[Stored entries]
+ + + +

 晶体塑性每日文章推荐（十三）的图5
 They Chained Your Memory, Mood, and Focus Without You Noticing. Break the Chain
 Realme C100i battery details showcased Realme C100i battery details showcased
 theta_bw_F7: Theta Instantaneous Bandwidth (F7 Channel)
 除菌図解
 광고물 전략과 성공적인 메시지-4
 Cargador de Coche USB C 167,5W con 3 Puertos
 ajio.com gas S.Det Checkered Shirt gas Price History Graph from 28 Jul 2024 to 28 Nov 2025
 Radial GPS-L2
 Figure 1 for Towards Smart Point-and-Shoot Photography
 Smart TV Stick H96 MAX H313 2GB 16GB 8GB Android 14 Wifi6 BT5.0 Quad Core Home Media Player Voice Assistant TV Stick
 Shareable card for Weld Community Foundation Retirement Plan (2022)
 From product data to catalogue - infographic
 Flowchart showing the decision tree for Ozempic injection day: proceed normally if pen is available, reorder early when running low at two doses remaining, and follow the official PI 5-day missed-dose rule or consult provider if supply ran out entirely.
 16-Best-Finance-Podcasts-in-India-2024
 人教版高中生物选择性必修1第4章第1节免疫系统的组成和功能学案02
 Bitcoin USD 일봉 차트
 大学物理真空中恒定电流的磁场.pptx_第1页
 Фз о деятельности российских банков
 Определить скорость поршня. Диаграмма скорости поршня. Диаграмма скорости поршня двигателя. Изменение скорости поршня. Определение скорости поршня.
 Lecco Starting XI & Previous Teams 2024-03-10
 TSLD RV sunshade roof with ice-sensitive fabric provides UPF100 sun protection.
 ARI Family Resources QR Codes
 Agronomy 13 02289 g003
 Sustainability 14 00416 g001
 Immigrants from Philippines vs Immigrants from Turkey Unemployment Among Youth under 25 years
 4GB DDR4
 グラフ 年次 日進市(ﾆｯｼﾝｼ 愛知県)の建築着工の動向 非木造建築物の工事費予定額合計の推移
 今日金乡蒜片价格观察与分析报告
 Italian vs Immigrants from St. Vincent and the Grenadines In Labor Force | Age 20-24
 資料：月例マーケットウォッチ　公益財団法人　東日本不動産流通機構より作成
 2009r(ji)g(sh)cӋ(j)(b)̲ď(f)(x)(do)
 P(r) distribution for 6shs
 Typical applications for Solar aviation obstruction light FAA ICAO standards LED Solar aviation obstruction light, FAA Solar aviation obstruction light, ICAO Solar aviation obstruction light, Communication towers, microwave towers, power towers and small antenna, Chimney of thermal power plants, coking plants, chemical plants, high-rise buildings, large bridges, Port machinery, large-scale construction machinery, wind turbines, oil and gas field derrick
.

+ + + +

(PROBLEM DESCRIPTION) Retype the records above exactly, from their first line through the line that contains "P(r) distribution for 6shs", and stop there.

(RESULT BELOW)
 晶体塑性每日文章推荐（十三）的图5
 They Chained Your Memory, Mood, and Focus Without You Noticing. Break the Chain
 Realme C100i battery details showcased Realme C100i battery details showcased
 theta_bw_F7: Theta Instantaneous Bandwidth (F7 Channel)
 除菌図解
 광고물 전략과 성공적인 메시지-4
 Cargador de Coche USB C 167,5W con 3 Puertos
 ajio.com gas S.Det Checkered Shirt gas Price History Graph from 28 Jul 2024 to 28 Nov 2025
 Radial GPS-L2
 Figure 1 for Towards Smart Point-and-Shoot Photography
 Smart TV Stick H96 MAX H313 2GB 16GB 8GB Android 14 Wifi6 BT5.0 Quad Core Home Media Player Voice Assistant TV Stick
 Shareable card for Weld Community Foundation Retirement Plan (2022)
 From product data to catalogue - infographic
 Flowchart showing the decision tree for Ozempic injection day: proceed normally if pen is available, reorder early when running low at two doses remaining, and follow the official PI 5-day missed-dose rule or consult provider if supply ran out entirely.
 16-Best-Finance-Podcasts-in-India-2024
 人教版高中生物选择性必修1第4章第1节免疫系统的组成和功能学案02
 Bitcoin USD 일봉 차트
 大学物理真空中恒定电流的磁场.pptx_第1页
 Фз о деятельности российских банков
 Определить скорость поршня. Диаграмма скорости поршня. Диаграмма скорости поршня двигателя. Изменение скорости поршня. Определение скорости поршня.
 Lecco Starting XI & Previous Teams 2024-03-10
 TSLD RV sunshade roof with ice-sensitive fabric provides UPF100 sun protection.
 ARI Family Resources QR Codes
 Agronomy 13 02289 g003
 Sustainability 14 00416 g001
 Immigrants from Philippines vs Immigrants from Turkey Unemployment Among Youth under 25 years
 4GB DDR4
 グラフ 年次 日進市(ﾆｯｼﾝｼ 愛知県)の建築着工の動向 非木造建築物の工事費予定額合計の推移
 今日金乡蒜片价格观察与分析报告
 Italian vs Immigrants from St. Vincent and the Grenadines In Labor Force | Age 20-24
 資料：月例マーケットウォッチ　公益財団法人　東日本不動産流通機構より作成
 2009r(ji)g(sh)cӋ(j)(b)̲ď(f)(x)(do)
 P(r) distribution for 6shs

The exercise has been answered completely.